Dans le même temps, la FL traîne la FA devant les tribunaux, l’accusant d’avoir créé une League « illégalement » (le 31 juillet 1991, au terme de quatre jours d’audition, le juge Sir Christopher Rose renverra l’amère FL dans ses foyers).

Le 17 juillet 1991, tous les clubs de D1 signent le Founder Members Agreement et le 23 septembre 1991, le document est ratifié par la FA, les clubs et la FL. Après quatre heures de palabres, on se met d’accord sur le nom du bébé : FA Premier League. Certains clubs anti-FA sont farouchement opposés à la présence de la FA dans l’appellation – on ne démarre pas sous les meilleurs auspices et, de fait, les relations FA-PL seront tendues. Un an plus tard, la PL adoptera le nom du sponsor et s’appellera (Carling / Barclaycard / Barclays) Premiership de 1993 à 2007.

1991-92 : trois instances et un coup fin

En théorie, le sigle FA est toujours utilisé pendant cette période mais, fatalement, il disparaît définitivement lors des renégociations avec Barclays en 2007, les relations FA-PL s’étant considérablement refroidies. Outre les considérations juridiques, nombre de propositions émanant de la FA et qui figuraient dans son Blueprint for the future of football (voir fin de troisième partie), initialement acceptées par la PL, furent graduellement abandonnées (surtout celles d’ordre financier – partage des revenus du sponsoring – et en rapport avec la représentation de la FA au directoire PL). La vision initiale que la FA entretenait sur la PL, centraliste et quelque peu paternaliste, diffère grandement de la version actuelle.

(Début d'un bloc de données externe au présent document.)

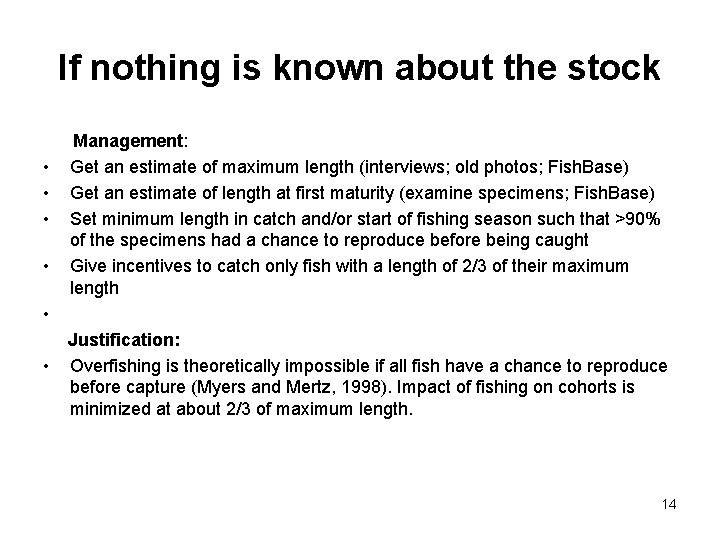 If nothing is known about the stock Management: • Get an estimate of maximum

Nonobstant ces tiraillements FA-PL qui iront crescendo, la création officielle de la FA Premier League signe la fin d’années de conflit permanent entre les principaux acteurs du football anglais (y compris des menaces de grèves, via la PFA, équivalent de l’UNFP). Le cordon ombilical centenaire entre  l’élite des clubs et les instances est définitivement coupé. La PL est indépendante, souveraine et promise à un avenir des plus prospères. Le 20 février 1992, l’ultime acte légal est adopté, la FA donne officiellement naissance au championnat de Premier League.

Les discussions sur le partage des revenus médias s’engagent. On se met d’accord sur une formule à l’esprit comparable aux débuts de la FL. Il est décidé que les droits perçus par le champion ne seront pas supérieurs à une fois et demie ceux versés au dernier du classement.

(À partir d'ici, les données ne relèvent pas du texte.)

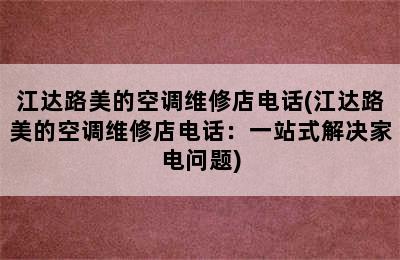 江达路美的空调维修店电话(江达路美的空调维修店电话：一站式解决家电问题)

En avril 1992, les clubs de l’élite démissionnent de la FL et se constituent en limited company le  27 mai. La Premier League prend ses modestes quartiers dans une aile de la FA (la fédération est aujourd’hui installée dans le New Wembley et la PL en plein coeur de Londres – photo du haut -, dans Mayfair, à deux pas du Sherlock Holmes Museum…).

1992 : Sky remporte la bataille des droits télévisuels

Le moment clé de la négociation des droits TV pour la période 1992-1997 survient le 18 mai 1992. Sky (devenue BSkyB en novembre 1990) est en concurrence avec ITV. Toutes deux proposent environ 200M aux clubs. ITV surenchérit à 224M et son package a largement la faveur des clubs du Big Five. ITV est une chaîne terrestre et commerciale aux audiences vingt fois supérieures à Sky, chaîne câblée encore confidentielle (600 000 abonnés seulement – 10.5 millions aujourd’hui).

Peu avant le meeting, ITV a finement joué en promettant au Big Five de diffuser prioritairement leurs matchs (un point sur lequel Sky est resté vague). Quatre clubs du Big Five se laissent convaincre par ITV. L’affaire semble perdue pour la Team Murdoch qui a pourtant impérieusement besoin du football pour remettre d’aplomb un Sky mal en point (500M de dettes).

Sky sort alors sa botte secrète : Alan Sugar. Cet hommes d’affaires en électronique et informatique (Amstrad) a racheté Tottenham la saison précédente. Pendant les négociations, il ordonne à Murdoch au téléphone de mettre le paquet. Et pour cause : si Sky remporte les droits, Sugar fournira tout le kit d’installation aux futurs abonnés. Mais Sky est déjà fortement endetté et l’Australo-Américain hésite.

Va alors se dérouler un épisode demeuré célèbre dans le folklore de la PL. Au plus fort des négociations, Alan Sugar appelle Sam Chisholm, le chief exec d’un Murdoch prêt à jeter l’éponge, et lui aboie au téléphone : « Dis au boss de mettre le paquet, il faut exploser ITV ». Murdoch s’exécute et offre 250M. ITV surenchérit : 262M. Sugar d’agite de plus en plus au bout du fil. Sky abat sa toute dernière carte : 304M de £. ITV est « explosé ». Les clubs votent au deux tiers pour Sky. Depuis, le couple Sky-PL est inséparable.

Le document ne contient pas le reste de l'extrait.